I saw Ryley Walker last Saturday. He was wondrous. Here is a video of Roundabout from the gig.
Try to catch him live. He is incredible.

Friday, 18 August 2017


A  poem about endings. Not sure I can explain exactly where it comes from. 
It is danger for any writer is to rely their usual tropes. To write from the default position, so to speak. Each poem needs to be unique, bespoke to the requirements of the concept.

Love Gone Sour

She informed me I'm like that song.
That I know the one,
that I've heard it on the radio.

She expects me to provide her
with the exact analogy
she can use to criticise me, again.

It was one of those points in life
that makes you add up the scores.
The kind that makes you question love.

A brief crystallisation of an awareness
that your life doesn't have to be like this.
Another push towards the door.

You know you will walk.
I am off to see Ryley Walker [again] next weekend. Here he is with the band.

Friday, 11 August 2017


I  was working on the allotment the other day, watering in the polytunnel, and that old blues song about never missing your water until the well runs dry came into my head. Over the rest of the after noon this poem wrote itself.

Something Else

He carried water to the well.
The yoke was heavy,
the water angry enough to slop.
That none had asked him to,
was for him, beside the point.
He may have claimed
it was for the general good,
or Phariseed his pious intention.
There was an unquenched fury
in his every step.

Some people live their whole lives like that.
I think as it formed that I was trying to capture the essence of passive aggression
I tend to write more in my head these days. To get the poem into some shape before I write anything down.

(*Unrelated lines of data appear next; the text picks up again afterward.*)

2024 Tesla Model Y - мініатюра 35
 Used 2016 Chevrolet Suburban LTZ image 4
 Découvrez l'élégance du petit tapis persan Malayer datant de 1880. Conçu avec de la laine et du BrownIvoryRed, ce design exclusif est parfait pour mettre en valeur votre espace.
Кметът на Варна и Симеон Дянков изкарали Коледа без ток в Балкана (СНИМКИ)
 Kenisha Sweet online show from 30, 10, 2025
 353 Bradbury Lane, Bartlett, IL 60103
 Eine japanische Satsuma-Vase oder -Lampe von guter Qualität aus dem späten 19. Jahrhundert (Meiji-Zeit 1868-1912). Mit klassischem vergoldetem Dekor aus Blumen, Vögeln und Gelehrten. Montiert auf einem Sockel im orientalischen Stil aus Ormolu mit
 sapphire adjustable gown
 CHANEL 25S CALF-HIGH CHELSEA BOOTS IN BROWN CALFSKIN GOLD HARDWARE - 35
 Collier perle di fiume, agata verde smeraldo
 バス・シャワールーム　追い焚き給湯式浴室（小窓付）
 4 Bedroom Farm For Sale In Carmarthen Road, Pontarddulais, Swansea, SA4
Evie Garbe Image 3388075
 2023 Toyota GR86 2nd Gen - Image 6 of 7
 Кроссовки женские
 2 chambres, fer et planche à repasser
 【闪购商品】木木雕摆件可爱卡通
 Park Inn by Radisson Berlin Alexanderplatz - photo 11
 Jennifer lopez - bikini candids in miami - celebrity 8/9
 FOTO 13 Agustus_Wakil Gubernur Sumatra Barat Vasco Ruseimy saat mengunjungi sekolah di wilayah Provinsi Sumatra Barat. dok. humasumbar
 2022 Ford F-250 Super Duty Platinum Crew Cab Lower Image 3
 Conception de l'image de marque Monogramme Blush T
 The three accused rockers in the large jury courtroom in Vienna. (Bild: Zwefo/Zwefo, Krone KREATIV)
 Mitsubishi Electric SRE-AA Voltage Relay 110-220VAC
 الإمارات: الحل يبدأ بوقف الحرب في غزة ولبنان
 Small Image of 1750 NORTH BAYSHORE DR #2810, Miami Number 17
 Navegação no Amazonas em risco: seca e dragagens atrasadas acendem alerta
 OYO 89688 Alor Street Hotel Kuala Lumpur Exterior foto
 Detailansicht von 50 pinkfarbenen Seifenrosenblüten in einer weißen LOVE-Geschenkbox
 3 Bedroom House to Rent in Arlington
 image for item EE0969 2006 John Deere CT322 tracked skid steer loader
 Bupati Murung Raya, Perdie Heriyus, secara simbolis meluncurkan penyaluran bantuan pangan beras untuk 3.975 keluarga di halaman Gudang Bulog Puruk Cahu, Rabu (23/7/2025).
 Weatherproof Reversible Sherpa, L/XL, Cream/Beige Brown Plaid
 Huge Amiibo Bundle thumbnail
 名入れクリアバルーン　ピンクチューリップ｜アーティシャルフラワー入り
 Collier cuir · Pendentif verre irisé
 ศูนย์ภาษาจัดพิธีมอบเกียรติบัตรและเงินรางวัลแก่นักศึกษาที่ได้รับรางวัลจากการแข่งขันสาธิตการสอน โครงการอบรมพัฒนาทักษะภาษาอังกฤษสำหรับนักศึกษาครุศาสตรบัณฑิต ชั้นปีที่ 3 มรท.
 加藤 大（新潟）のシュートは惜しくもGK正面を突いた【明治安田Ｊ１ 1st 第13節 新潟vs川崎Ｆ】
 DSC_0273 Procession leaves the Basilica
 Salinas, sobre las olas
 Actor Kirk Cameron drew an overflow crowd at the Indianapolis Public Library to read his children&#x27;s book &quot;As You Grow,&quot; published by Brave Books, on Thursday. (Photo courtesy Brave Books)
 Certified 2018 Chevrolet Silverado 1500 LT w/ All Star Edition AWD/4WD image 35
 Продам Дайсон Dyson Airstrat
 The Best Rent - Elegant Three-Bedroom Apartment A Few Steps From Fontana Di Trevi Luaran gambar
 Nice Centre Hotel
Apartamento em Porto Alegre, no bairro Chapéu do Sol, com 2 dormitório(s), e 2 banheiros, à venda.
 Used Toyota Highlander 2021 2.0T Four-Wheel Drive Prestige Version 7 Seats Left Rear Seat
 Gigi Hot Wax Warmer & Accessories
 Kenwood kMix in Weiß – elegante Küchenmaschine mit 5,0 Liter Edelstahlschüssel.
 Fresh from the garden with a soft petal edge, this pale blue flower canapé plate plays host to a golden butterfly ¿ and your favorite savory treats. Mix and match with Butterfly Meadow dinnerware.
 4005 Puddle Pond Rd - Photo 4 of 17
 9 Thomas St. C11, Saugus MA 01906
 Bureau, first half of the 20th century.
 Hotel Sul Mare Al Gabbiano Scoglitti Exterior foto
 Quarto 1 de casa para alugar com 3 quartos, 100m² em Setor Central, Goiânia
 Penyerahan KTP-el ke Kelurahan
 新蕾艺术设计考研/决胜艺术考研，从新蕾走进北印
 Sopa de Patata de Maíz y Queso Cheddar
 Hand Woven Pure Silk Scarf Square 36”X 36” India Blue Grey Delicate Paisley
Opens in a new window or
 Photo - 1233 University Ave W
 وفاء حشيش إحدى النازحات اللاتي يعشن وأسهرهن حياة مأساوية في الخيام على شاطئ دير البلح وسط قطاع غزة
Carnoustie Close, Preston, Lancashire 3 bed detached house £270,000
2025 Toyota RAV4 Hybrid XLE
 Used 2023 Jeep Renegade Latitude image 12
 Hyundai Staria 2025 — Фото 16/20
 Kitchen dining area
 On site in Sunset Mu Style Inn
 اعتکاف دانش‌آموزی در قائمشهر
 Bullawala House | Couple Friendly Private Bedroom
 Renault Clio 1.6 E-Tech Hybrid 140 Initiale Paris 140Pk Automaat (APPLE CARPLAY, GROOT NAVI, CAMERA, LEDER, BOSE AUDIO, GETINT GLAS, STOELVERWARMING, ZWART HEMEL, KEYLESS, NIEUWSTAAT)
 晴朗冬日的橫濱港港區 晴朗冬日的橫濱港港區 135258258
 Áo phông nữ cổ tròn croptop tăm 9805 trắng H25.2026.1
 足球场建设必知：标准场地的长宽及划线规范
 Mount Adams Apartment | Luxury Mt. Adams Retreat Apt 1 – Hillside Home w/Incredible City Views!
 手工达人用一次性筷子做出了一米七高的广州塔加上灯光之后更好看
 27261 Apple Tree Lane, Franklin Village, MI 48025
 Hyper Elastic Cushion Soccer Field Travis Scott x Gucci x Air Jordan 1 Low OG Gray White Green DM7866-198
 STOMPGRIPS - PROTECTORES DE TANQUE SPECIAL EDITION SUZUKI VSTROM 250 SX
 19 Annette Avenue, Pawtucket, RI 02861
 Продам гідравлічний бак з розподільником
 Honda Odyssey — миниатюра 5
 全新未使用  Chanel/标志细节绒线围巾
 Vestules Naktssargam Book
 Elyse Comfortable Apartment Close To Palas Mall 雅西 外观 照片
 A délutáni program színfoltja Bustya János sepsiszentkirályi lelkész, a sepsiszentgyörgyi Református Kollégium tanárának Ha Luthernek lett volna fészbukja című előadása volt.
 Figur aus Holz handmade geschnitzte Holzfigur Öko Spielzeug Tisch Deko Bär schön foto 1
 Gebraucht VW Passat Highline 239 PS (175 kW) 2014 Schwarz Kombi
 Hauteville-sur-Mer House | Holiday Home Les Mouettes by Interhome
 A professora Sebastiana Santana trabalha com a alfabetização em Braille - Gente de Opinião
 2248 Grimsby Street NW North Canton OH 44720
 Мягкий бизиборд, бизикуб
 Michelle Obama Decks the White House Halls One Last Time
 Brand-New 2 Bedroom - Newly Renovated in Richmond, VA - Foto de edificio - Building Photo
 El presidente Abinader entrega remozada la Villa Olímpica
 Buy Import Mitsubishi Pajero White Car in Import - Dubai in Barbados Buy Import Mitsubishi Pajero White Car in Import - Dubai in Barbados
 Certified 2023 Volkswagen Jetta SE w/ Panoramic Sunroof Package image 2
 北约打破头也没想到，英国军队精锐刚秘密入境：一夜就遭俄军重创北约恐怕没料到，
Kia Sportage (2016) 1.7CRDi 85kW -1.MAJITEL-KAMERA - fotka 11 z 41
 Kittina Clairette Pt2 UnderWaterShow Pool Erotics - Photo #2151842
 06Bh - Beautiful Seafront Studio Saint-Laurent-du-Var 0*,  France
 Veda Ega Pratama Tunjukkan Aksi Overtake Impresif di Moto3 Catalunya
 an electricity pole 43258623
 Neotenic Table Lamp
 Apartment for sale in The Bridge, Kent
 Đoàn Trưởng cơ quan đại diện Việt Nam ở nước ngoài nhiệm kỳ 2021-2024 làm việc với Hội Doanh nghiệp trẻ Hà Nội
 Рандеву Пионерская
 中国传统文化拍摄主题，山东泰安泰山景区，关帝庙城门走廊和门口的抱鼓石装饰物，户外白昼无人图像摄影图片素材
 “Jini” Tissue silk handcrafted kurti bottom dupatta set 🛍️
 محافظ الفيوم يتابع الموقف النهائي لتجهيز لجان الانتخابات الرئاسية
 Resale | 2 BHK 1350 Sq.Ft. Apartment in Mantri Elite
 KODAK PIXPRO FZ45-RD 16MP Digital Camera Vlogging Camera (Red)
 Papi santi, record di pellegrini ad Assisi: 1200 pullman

I don't think it's a better way of working just different.
Here is Peter Tosh with his version.


I have nothing to say about this poem.
It speaks for itself.

Sheila's Poem

We had hoped for death.
Crash landing
on this unexpected plateau,
where life continues mechanically
and the identical days merge.
Sometimes, across a great distance,
you speak,
words faint
ever more slippage.
There are no dials to turn,
or amplifiers to power up,
that just this once,would grant us 
clear communication.
Until next time.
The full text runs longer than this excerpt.